Una volta terminata l’attività di servizio, Vincenzo potevi trovarlo con Filippo e Piera al porto di Cala d’Oliva, intento a sistemare i palamiti da gettare a mare, oppure lo scorgevi fra le onde, navigando al largo per catturare, a traina, qualche dentice o orata.
Dedico questo pezzo al carissimo amico Vincenzo Denofrio ed alla sua famiglia.
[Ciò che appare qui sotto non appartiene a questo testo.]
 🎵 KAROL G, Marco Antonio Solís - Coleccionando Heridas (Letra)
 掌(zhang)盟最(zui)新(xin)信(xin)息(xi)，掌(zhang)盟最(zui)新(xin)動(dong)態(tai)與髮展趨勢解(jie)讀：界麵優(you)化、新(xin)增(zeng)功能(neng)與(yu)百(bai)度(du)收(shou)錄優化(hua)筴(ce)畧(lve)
So che sarà contentissimo di leggere questo articolo, spero ardentemente di aver interpretato correttamente quello che la sua bocca non ha mai detto, ma che i suoi occhi mi raccontano sempre ogni volta che ci incontriamo.
Carlo Hendel
02 maggio 2017
UN COLPO ALLO STOMACO.
Questa sera, molto tardi, sono stato colpito da un violentissimo colpo allo stomaco. La comunicazione di un amico che mi ha informato della scomparsa di VINCENZO DENOFRIO, amico personale ed ammiratore dell’Asinara e di tutti coloro che la amano.
Moltissimi, tra cui chi scrive, sinceramente addolorati, piangeranno calde lacrime per la sua improvvisa scomparsa.
In questo momento non ho a disposizione molte parole per descrivere il vuoto che lascia la figura di VINCENZO DENOFRIO, per parlarvi dell’affetto che il mio amico VINCENZO ha sempre dimostrato in ogni occasione, ogni qualvolta sia stato possibile.
Riesce sempre più difficile, in questo periodo della mia vita, sfogliare un album da cui mancano parti importanti come VINCENZO. Penso con sgomento all’immenso dolore della moglie Rossana, alla disperazione dei figli Piera e Filippo delle rispettive famiglie e di tutti i nipoti che stravedevano per il nonno ed avevano Vincenzo come importantissimo riferimento di affetto e di vita.
Molto ho scritto su VINCENZO e sul “Casaro dell’Asinara” e sono stato contentissimo quando nel 2018 l’ho visto, accompagnato da Gianmaria, nuovamente risalire i gradini del Caseificio di Cala D’Oliva, insieme alla moglie Rosanna, a Piera e al nipote, in occasione della manifestazione “Musei Aperti”.
Vorrei ricordare VINCENZO DENOFRIO in questo modo.
Questo post è stato inserito nella pagina fb degli “affetti dal mal d’Asinara” il 04 giugno 2020
I ricordi hanno vita propria.
Ogni tanto sperimentiamo il fatto che un ritornelllo di una vecchia canzone ci “ingombra” i pensieri e nonostante non ci siano motivi contingenti, torna e ritorna impeterrito alla nostra mente, e la voce lo canticchia davanti allo specchio, la mattina quando il sole fa capolino
Anche le figure delle persone che ci sono state più vicine, con il loro affetto, la stima o semplicemente la simpatia, ci esprimono, attraverso i ricordi, la loro presenza costante. Guardate questo biglietto che Piera ci ha voluto regalare, evidentemente fà parte di quel bagaglio che ognuno si porta dietro…….
Si tratta della “tessera” che veniva rilasciata ad ogni appartenente all’Amministrazione Penitenziaria per accedere alla sala cinematografica dell’Asinara. Ed è intestato a Vincenzo Denofrio, il padre recentemente scomparso.
E’ un documento su cui non posso non spendere qualche parola, sicuramente non di circostanza, poichè il semplice foglietto di carta è intriso di una “dolcezza” unica, per due semplici ragioni.
– La prima e più importante è che mi hanno attraversato la mente i pensieri di Piera quando ha trovato il tesserino e di Filippo quando lo rivedrà .
– La seconda ragione è che all’Asinara, tutti gli abitanti e coloro che vi lavoravano, si conoscevano perfettamente tanto da rendere quasi superfluo quel “tesserino”.
Però resta ciò di cui ho parlato in premessa!